MONMOUTH — Monmouth Middle School and Henry L. Cottrell Elementary School students will move in 2020 to a new, consolidated school in Monmouth — and residents will decide if they want the town to own the old buildings.

“No matter what we do here, there are costs involved (if the buildings return to the town),” said Selectboard Vice Chairman Timothy A. McDonald.

To outline its options, Monmouth formed a school reuse task force, which met with residents last week to discuss the condition of the buildings and brainstorm about potential future uses for the facilities.

In 2017, Regional School Unit 2 voters approved building a consolidated school in Monmouth, which would house students from the two schools. The state had released a list of schools that qualified for funding through its capital school construction program; the middle school ranked ninth on the list, while the elementary was 56th.

“By this time next year, the new consolidated school should be open,” Monmouth Town Manager Curtis Lunt said Wednesday in a phone interview.

Monmouth contracted Mike McCormick, of McCormick Facilities Management, to study the buildings’ condition.

“The buildings are tired,” he said at the informational meeting.

McGee Construction performs site work Sept. 12, 2018, at the future consolidated middle-elementary school in Monmouth.

Funding for capital improvements is often the last to pass on a school budget, he said, and Monmouth’s buildings have been maintained like most school facilities.

In McCormick’s opinion, the elementary school is in better shape than the middle school because it would take less financially to improve and maintain. The middle school, built in the mid-1800s, has a solid granite foundation, but there is moisture seepage.

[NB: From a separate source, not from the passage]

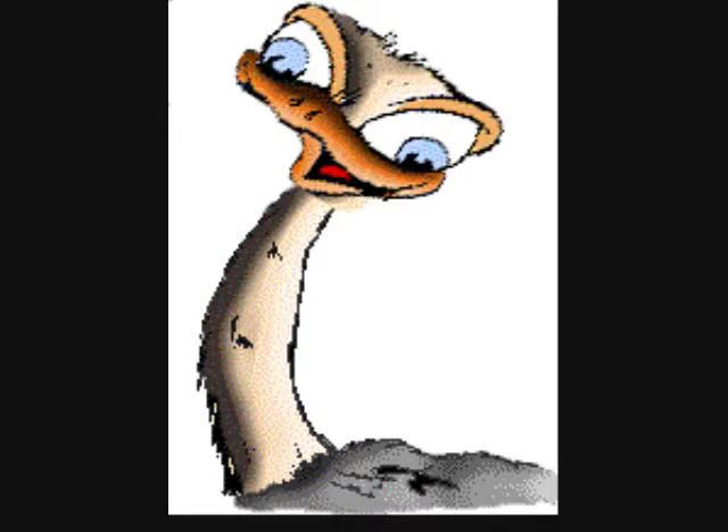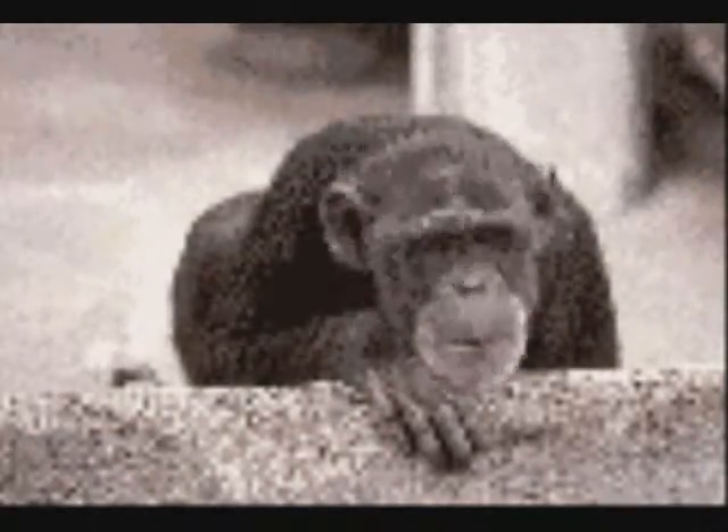Now let's think about this. Is a butterfly a flying stick of butter? No, of course not. Then is a butterfly a fly made of butter? No, a butterfly is a word with a brand new meaning.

“I caution you to look at historic preservation,” he said, warning residents that maintaining the building with historic integrity is costly.

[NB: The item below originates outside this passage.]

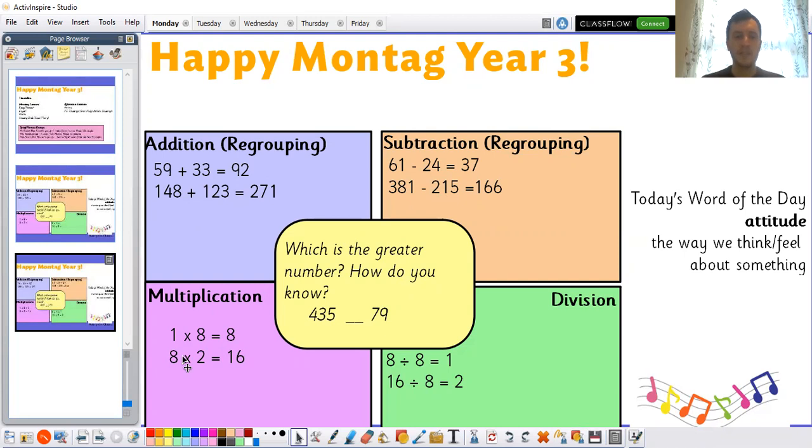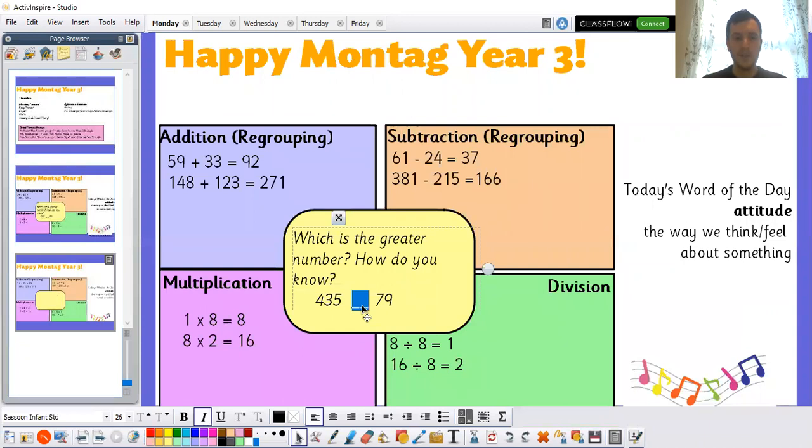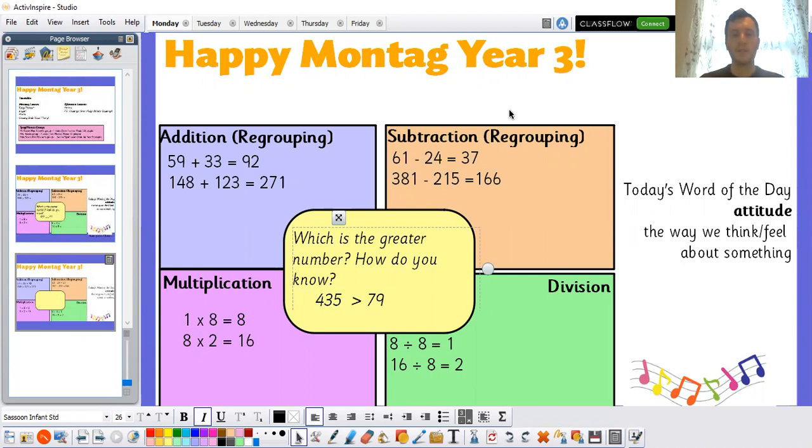One times eight is eight. Eight times two, or two times eight — because remember, it works the same either way around — is 16. Eight divided by eight is one. 16 divided by eight is equal to two. And comparing those numbers: 435 would be the greater number because it has four hundreds, and 79 has zero hundreds — there are no hundreds in 79 — so 435 has got to be the greater number.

Cary Tyson, economic development specialist for the Kennebec Valley Council of Governments, told residents if the buildings were kept by the town, they could be sold, leased, mothballed or demolished. Potential uses of the buildings, he said, could include public sector, commercial, residential and mixed.

Tyson also gave ideas for alternate uses of the buildings based on a market comparison of other school facilities that were reused. In many of those cases, the buildings were used as senior housing.

The new consolidated school, which will house Monmouth’s elementary and middle school students, is seen under construction Thursday in Monmouth.

Resident ideas for use included a community center, a vocational facility, fairgrounds and a recreation center.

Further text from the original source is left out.